When salmon first drop eggs into the gravel redds, they are translucent, bright orange; the color we often see with egg imitations. And although fish do feed on this fresh, orange version, most of the eggs, available to fish, will have a much different appearance. The way it works, is that many of the freshly deposited and fertilized eggs are buried in gravel, not available to feeding fish, although a good number are swept out by the current. The unfertilized or "dead eggs" become the most plentiful as fish food, but they quickly lose the bright orange color.

Dead eggs are milky or an orange tinged, cream color, with swirls or dots of darker orange. Creative flyfishers mimic this appearance by brushing pearlescent fingernail polish over an orange bead. And while this method works well, it's not always possible to get the right color combinations or even find the beads in the right size. Color is an important part of any imitation, but depending on the ambient light, water clarity, or speed, the profile or general size of a fly is often more important than color. Most of the commonly found beads are either 6mm or 8mm, but not all salmon eggs fall in one of those two categories. Sockeye eggs, for instance, are mostly 7mm.

A friend, and local guide Shane Schwark, introduced me to the clay egg a few years ago on a steelhead trip. I used the interesting pattern the next day and landed a few fish, but it wasn't until later that fall that I better realized its value. Rainbows were keying on eggs, taking them with abandon, and almost any egg pattern was working. Catching fish wasn't a problem, and I saw it as an ideal time to make comparisons between patterns. I began fishing a dual fly rig using a dropper setup, working many of my favorite patterns simultaneously with the new egg. There was no comparison....the earthen egg clearly out-fished my regular patterns, and although it was encouraging, I took it with a grain of salt.

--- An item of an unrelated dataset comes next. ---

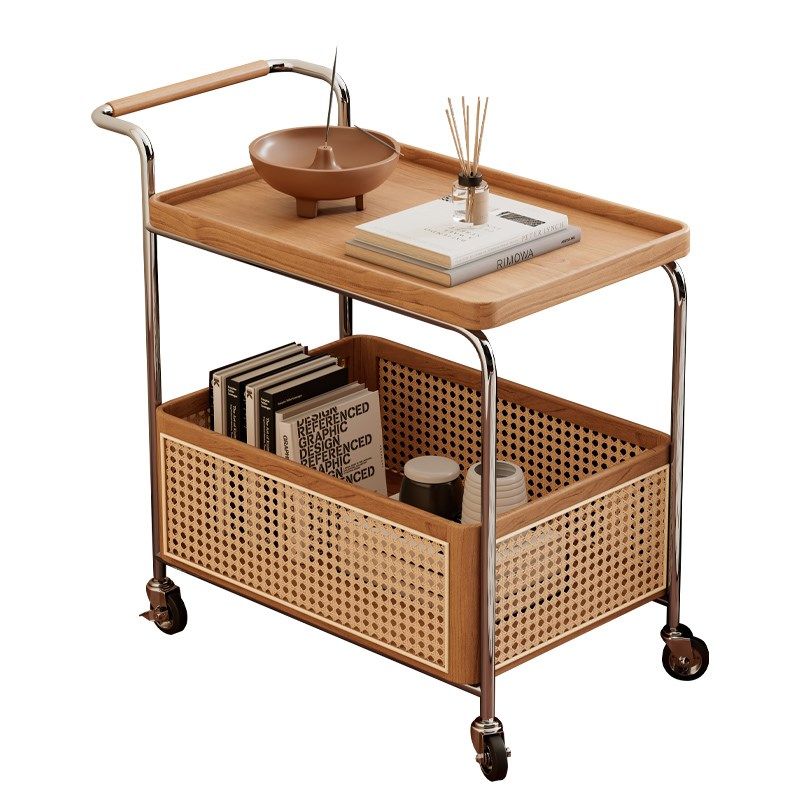 可移动实木边几收纳中古小推车客厅沙发储物置物架藤编简约餐车,住宅家具,移动边几/推车,淘宝优惠券,粉丝福利购,淘宝优惠卷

At the time, I thought the timing must be just right for that fly on that day. Well, the timing must have been right for the rest of the season, as it consistently outproduced other popular patterns, and I liked the way it fished. A clay egg has just the right density and weight to get down quickly, but it's not so heavy that it's constantly hanging on the bottom. It just fishes well, which I think is part of its effectiveness. On the downside, the earthen egg is not as durable as a plastic bead. It will occasionally crack if you whack it on a rock, but when you'll most often break it is while seating the toothpick. On the upside, you can easily choose the exact size and color variation when forming the eggs at home, and with a small investment in clay, the average flyfisher will have more than enough eggs for an entire season.